• [Task objective] Every line of the material below needs to be copied exactly; omit the pictures.
::::::
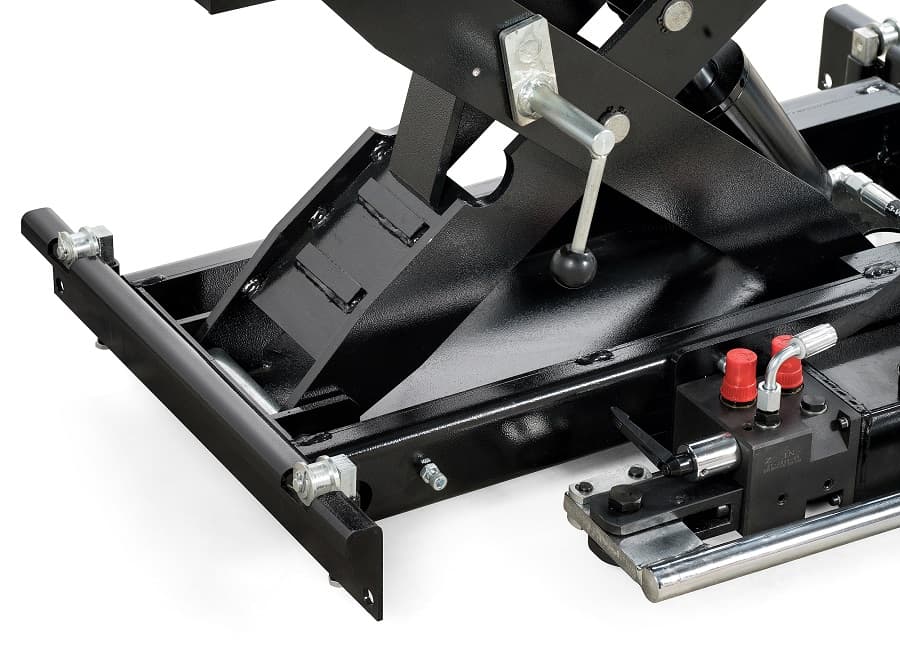 Траверса подъемная ручная 2 тонны KraftWell KRWJ2N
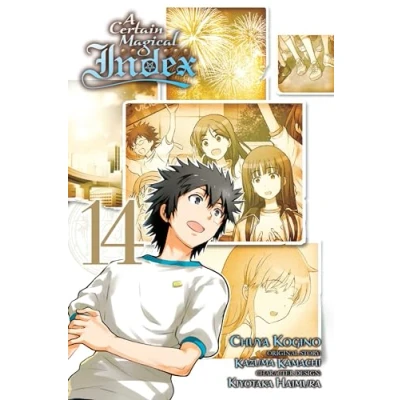 Abbildung von A Certain MAGICAL Index, Vol. 14 (Manga) (CERTAIN INDEX GN, Band 14)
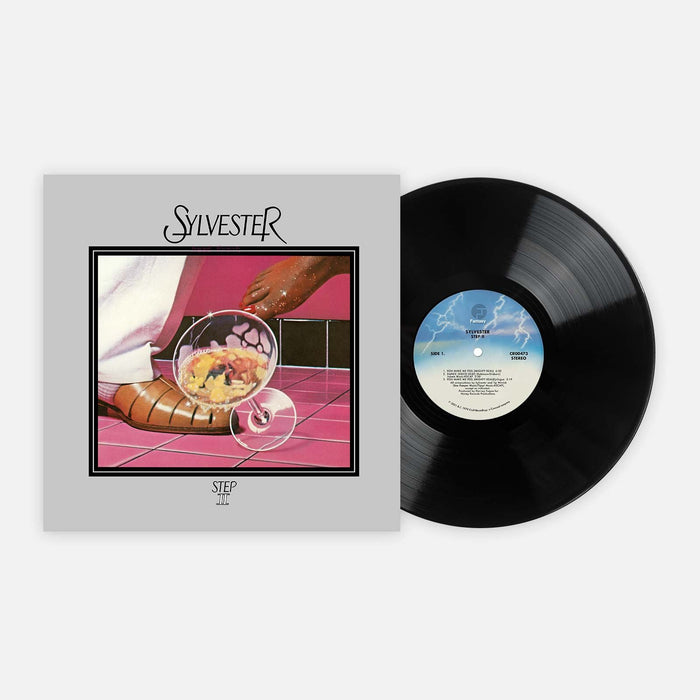 Sylvester - Step II Vinyl LP Reissue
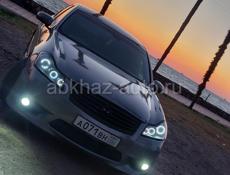Nissan fuga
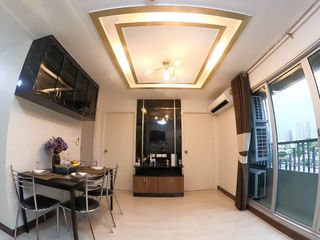 For sale and for rent 2 bedrooms condo in Thon Buri, Bangkok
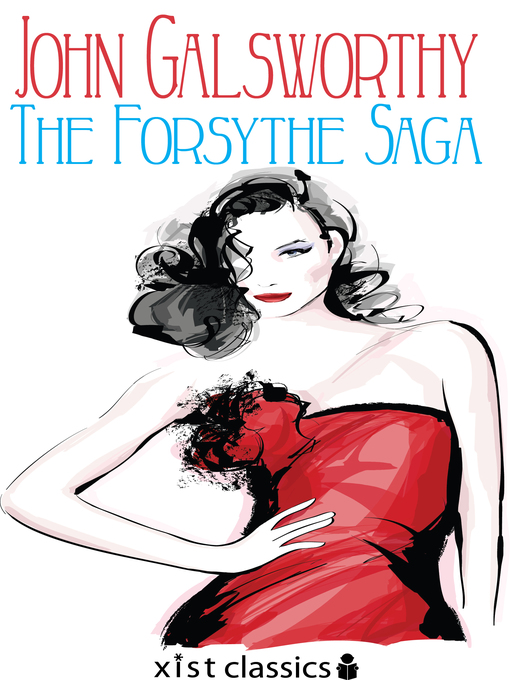 Title details for The Forsyte Saga by John Galsworthy - Available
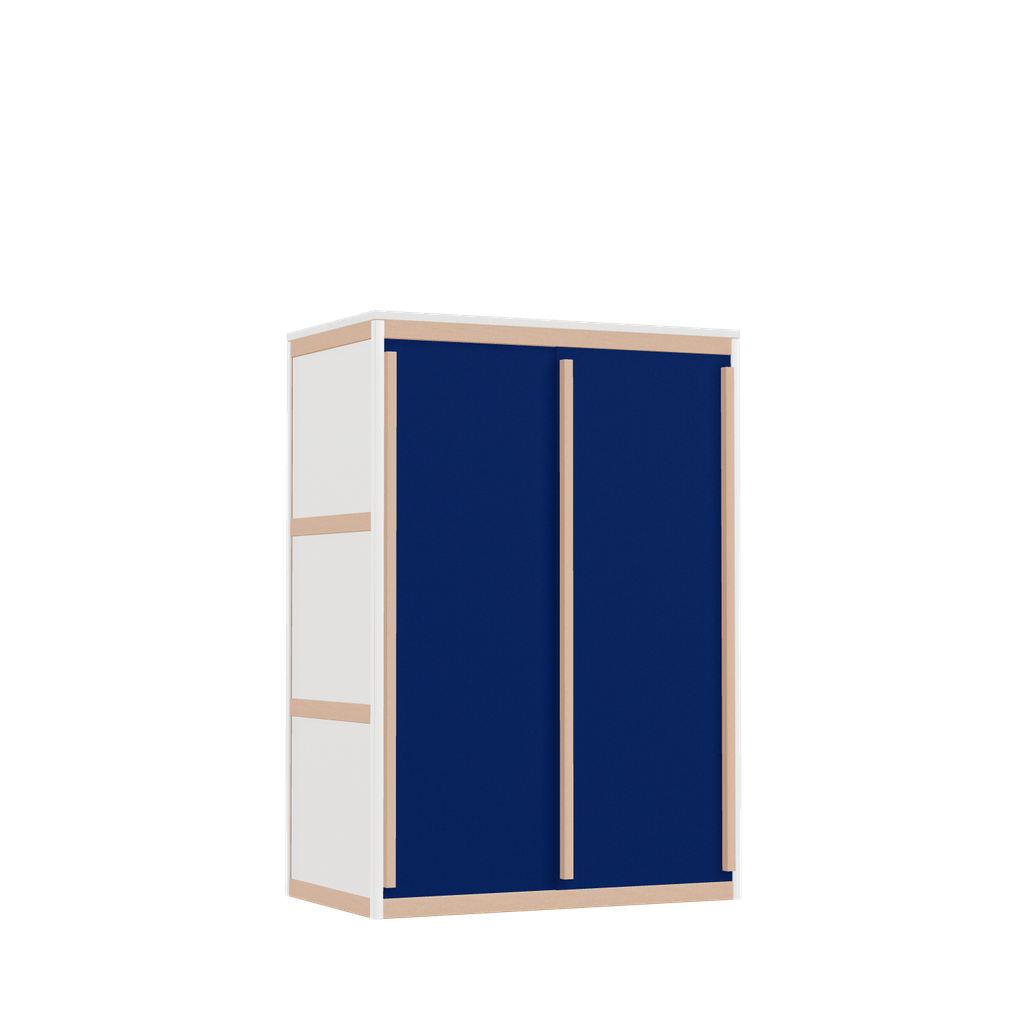 Penderie (128.8x90x52 cm)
::::::
• [The completed task]
 Траверса подъемная ручная 2 тонны KraftWell KRWJ2N
 Abbildung von A Certain MAGICAL Index, Vol. 14 (Manga) (CERTAIN INDEX GN, Band 14)
 Sylvester - Step II Vinyl LP Reissue
Nissan fuga
 For sale and for rent 2 bedrooms condo in Thon Buri, Bangkok
 Title details for The Forsyte Saga by John Galsworthy - Available
 Penderie (128.8x90x52 cm)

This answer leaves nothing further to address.